7. Forgetting to share others content

The one key element of Social media to note is that Social Media isn’t just media. What do I mean? Well, an example of media could be a newspaper or a website. Many advisors and business owners forget the social element of social media. Sharing, liking and commenting on the content of others is another way to build your audience and is one of the easiest ways to create engagement.

8. Not capturing leads

Many Advisors forget that Social Media is not only about engagement and sharing content but also about lead generation. Be sure to have a mechanism on your website to convert your visitors. If you succeed in sending visitors to your website from Social Media, they are indicating a level of trust with you that’s enough for them to click on a link to go to your website. Examples of ways to capture their information would be to have a newsletter sign up, contact form or a way for them to download a useful e-book or report in exchange for their contact information.
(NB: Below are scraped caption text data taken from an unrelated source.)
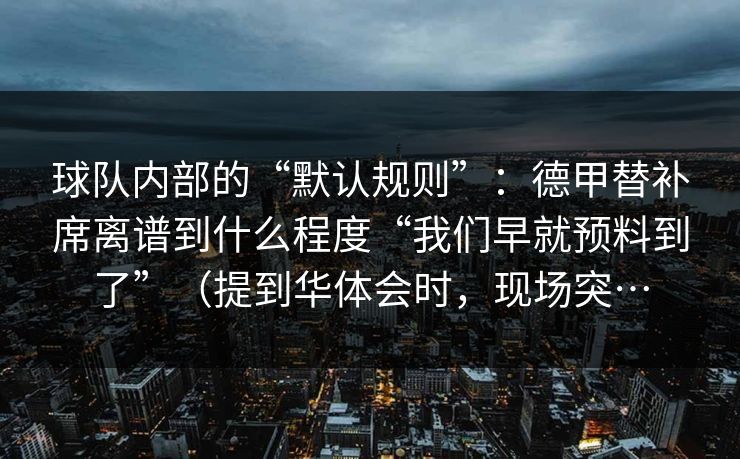 球队内部的“默认规则”：德甲替补席离谱到什么程度“我们早就预料到了”（提到华体会时，现场突…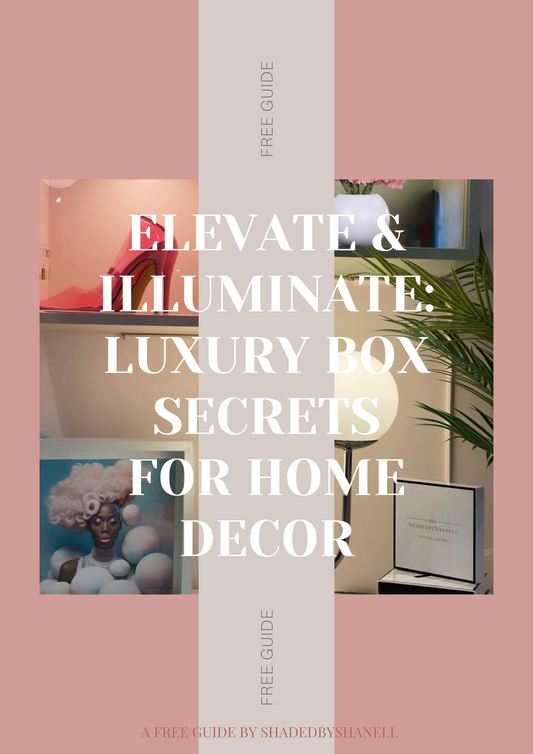 E-BOOK | Elevate & Illuminate: Luxury Box Secrets for Home Decor E-Book ShadedbyShanell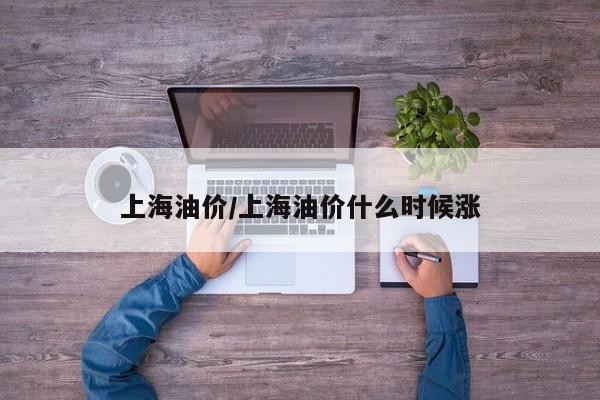 上海油价/上海油价什么时候涨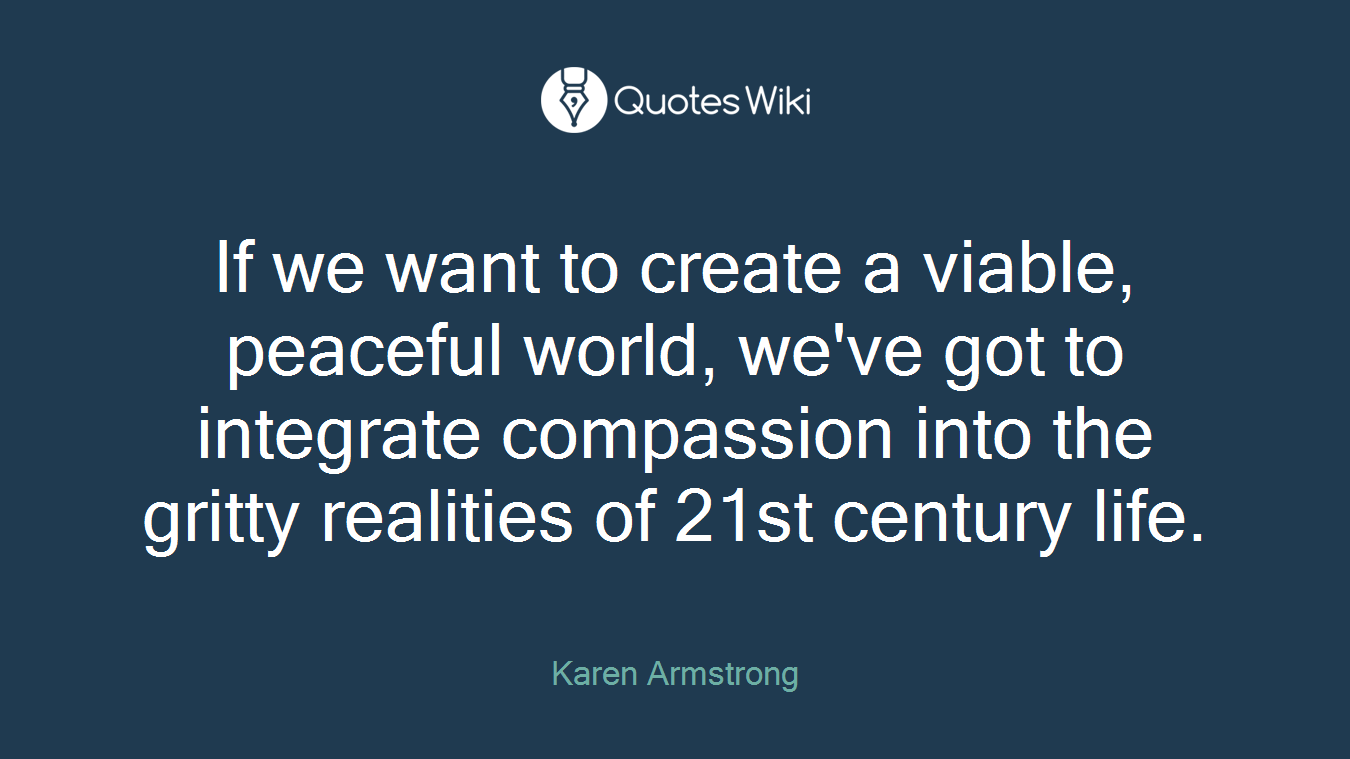 If we want to create a viable, peaceful world, we've got to integrate compassion into the gritty realities of 21st century life.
Social Media is a very cost-efficient alternative to expensive marketing strategies that can be used to capture leads.

9. Not using plain-language

Use simple, everyday words. I often use the “grand mother” test where I ask myself if the sentence I just wrote could be understood by my grandmother. Using plain spoken language will also have a higher chance of engagement from your audience since it can speak to them.

10. Waiting for an Invitation

Being proactive on social platforms is another great way to accelerate your ROI. Imagine if you went to a cocktail party or a networking event and stood at the back without ever engaging someone in a conversation. You’re not likely to have very many conversations by taking that approach. Similarly, in social media, not having a voice or proactively engaging in conversation has the same effect. Sending messages, sharing content and being inquisitive about your audience’s problems can help you identify different messaging strategies that help you connect with them.


What is your greatest challenge in using Social Media for your business?